In this episode of Deep Dive, we tackle the trillion-dollar question on every investor’s mind: Is the current AI boom a bubble about to burst, or the foundation of the next industrial revolution?
We break down the critical difference between today’s market valuation (27x forward earnings) and the insanity of the Dot-Com peak (100x earnings).

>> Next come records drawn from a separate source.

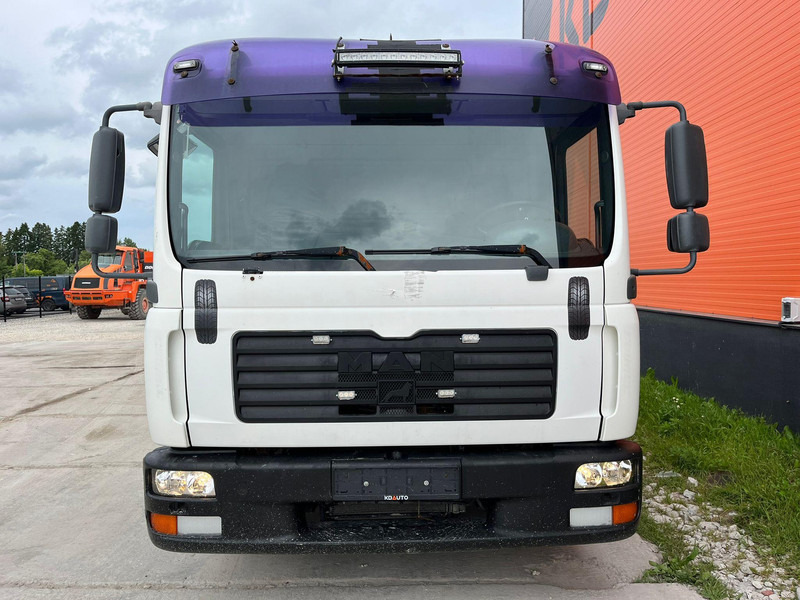 MAN TGL 8.180 4x2 PK4200 YEAR 2013 / PLATFORM L=3710 mm - Kamion sa tovarnim sandukom, Kamion sa dizalicom: slika 3 MAN TGL 8.180 4x2 PK4200 YEAR 2013 / PLATFORM L=3710 mm - Kamion sa tovarnim sandukom, Kamion sa dizalicom: slika 3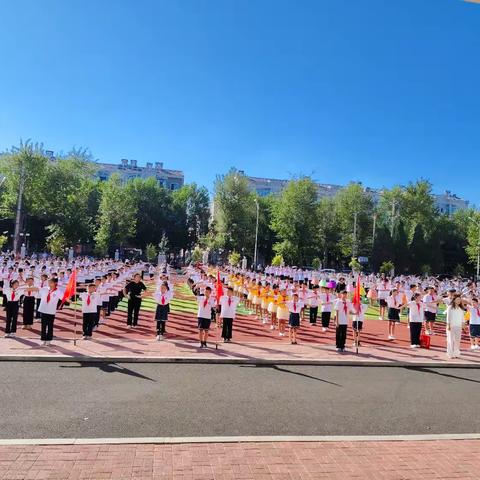 扬帆新学期、逐梦向未来 -----二纬路小学新学期升旗仪式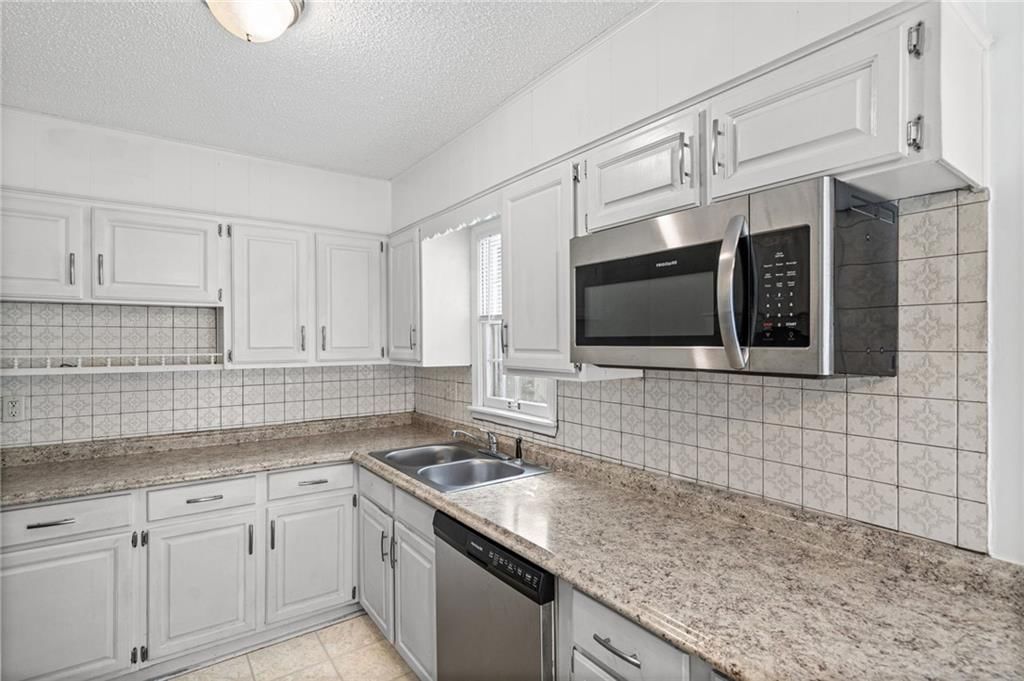 3916 S Spring Street — photo 12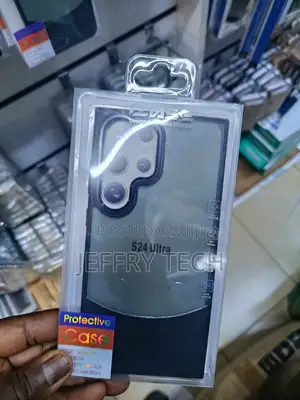 Oumida 2 in 1 Matte Samsung Galaxy S24 Ultra Translucent Case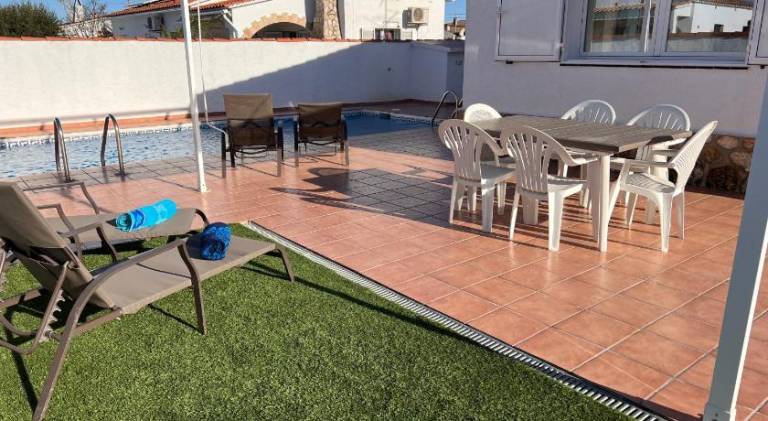 Villa with pool | Pet-friendly — photo 5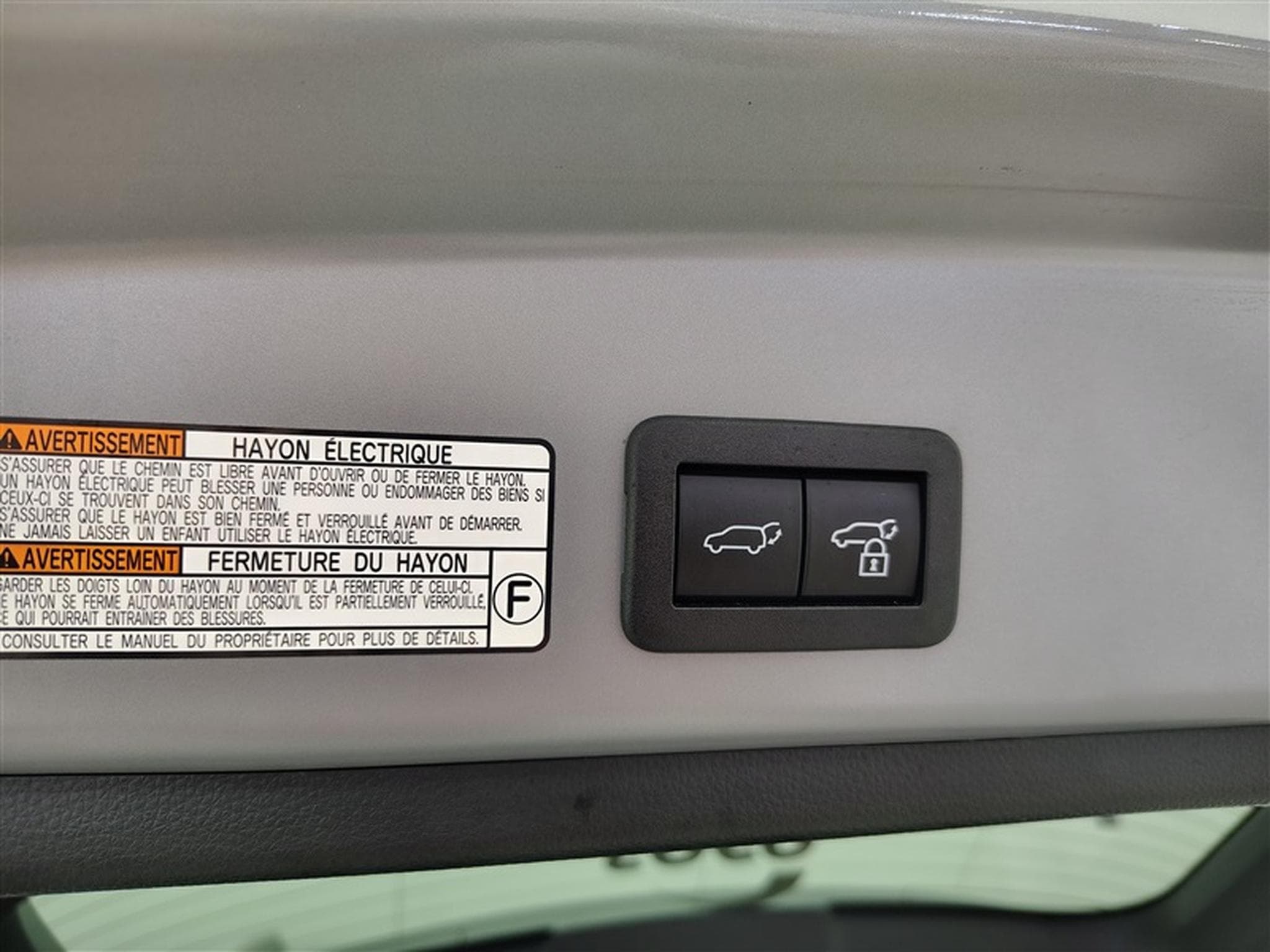 Toyota Corolla Hybrid 1.8 2WD Premium e-CVT (103 kW) (2023) - Photo 19
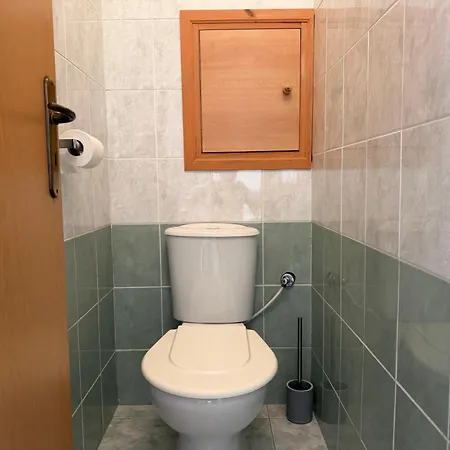 Ξενοδοχείο με διαμερίσματα Turisticka Strojar 3*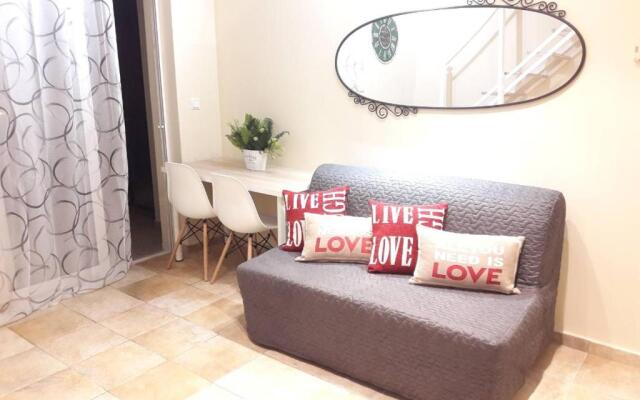 Bizaniou Apartment 69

Using 1996 as our historical roadmap, we explore the “Infrastructure Phase” of the cycle and project a potential timeline for the next four years—from the “digestion” of 2026 to the potential “melt-up” of 2028.
Key Takeaways:
The 27x vs. 100x Reality Check: Why a 27x P/E ratio is expensive but fundamentally different from the 100x ratio seen in March 2000.
The “1996” Analog: We are likely in the “Infrastructure Phase” (building the rails), similar to the internet boom in 1996, rather than the speculative mania of 1999.
Quality of Earnings: Unlike the debt-fueled, unprofitable startups of the dot-com era (Pets.com), today’s AI leaders (Nvidia, Microsoft) are cash-flow giants funded by internal profits.
The “Melt-Up” Timeline: A year-by-year projection suggesting we could see the market double or triple by 2028 if human psychology repeats the “fear of missing out” (FOMO) cycle.
The “Productivity Gap” Risk: The primary danger isn’t a crash, but speed—if AI adoption happens too fast, the timeline could compress, skipping the boom years and jumping straight to the bust.
Featured Concepts:
The “Greenspan Moment”: Comparing today’s valuation concerns to Alan Greenspan’s “Irrational Exuberance” speech in 1996, which famously came three years before the actual peak.
PEG Ratio (Price/Earnings-to-Growth): The essential metric investors should watch to see if valuations are detaching from reality (a PEG over 2.0 signals danger).
Price-to-Compute: The potential new “irrational” metric that could replace P/E ratios during the mania phase.